Le sifflet obligatoire dans les bureaux ou l’absurdité des normes

Temps de lecture : 1 minute

Lors d’une vérification réglementaire de l’installation électrique dans nos bureaux, l’inspecteur nous a rappelé les normes obligatoires concernant les incendies. Il nous est imposé d’avoir deux extincteurs, un « registre de sécurité » qu’il faut acheter sur Amazon (env. 15 euros) et… un sifflet. Selon la réglementation, cet accessoire est considéré comme « un équipement d’alarme du type 4 ». Une obligation inattendue, qui a provoqué un grand remue-méninges au sein de notre petite équipe.
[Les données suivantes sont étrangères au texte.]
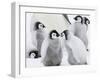 Emperor Penguin (Aptenodytes Forsteri) Chicks on Ice, Snow Hill Island, Antarctica-Keren Su-Framed Photographic Print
D’abord, qui aura le sifflet, qui sera le siffleur principal ou premier siffleur ? Au cas où le responsable désigné ne serait pas présent, faudrait-il aussi nommer un vice-siffleur ? ou sous-siffleur, voire un sous-sous siffleur ? Où faudra-t-il garder le sifflet ? Proche de la porte de sortie,  suspendu au porte-manteau, sur un bureau au risque qu’il glisse dans la corbeille à papiers, ou dans un tiroir – mais lequel ? Réfléchir à ces questions nous a pris énormément de temps et nous ne les avons toujours pas résolues. Elles en ont même suscité d’autres, très préoccupantes. Par exemple,  celle des personnes en situation de handicap, en l’occurrence de surdité. Que se passerait-t-il si quelqu’un n’entendait pas le sifflet ? Il faudrait que l’un d’entre nous prenne le risque de braver le feu ou la fumée pour aller l’extraire de son bureau car, concentrés comme nous le sommes en général sur notre travail, faire de grands gestes ne suffirait probablement pas. Ce qui nous a donné une idée : peut-être devrions-nous suggérer aux autorités compétentes d’inscrire dans le registre de sécurité l’apprentissage obligatoire du langage des signes ?

Mieux vaut en rire et l’histoire du sifflet paraîtrait presque distrayante à côté du monceau de  normes et réglementations délirantes qui étouffent les entreprises comme les individus et leur rendent la vie extrêmement difficile. Il semblerait que cette ère ne soit pas près de se terminer en France .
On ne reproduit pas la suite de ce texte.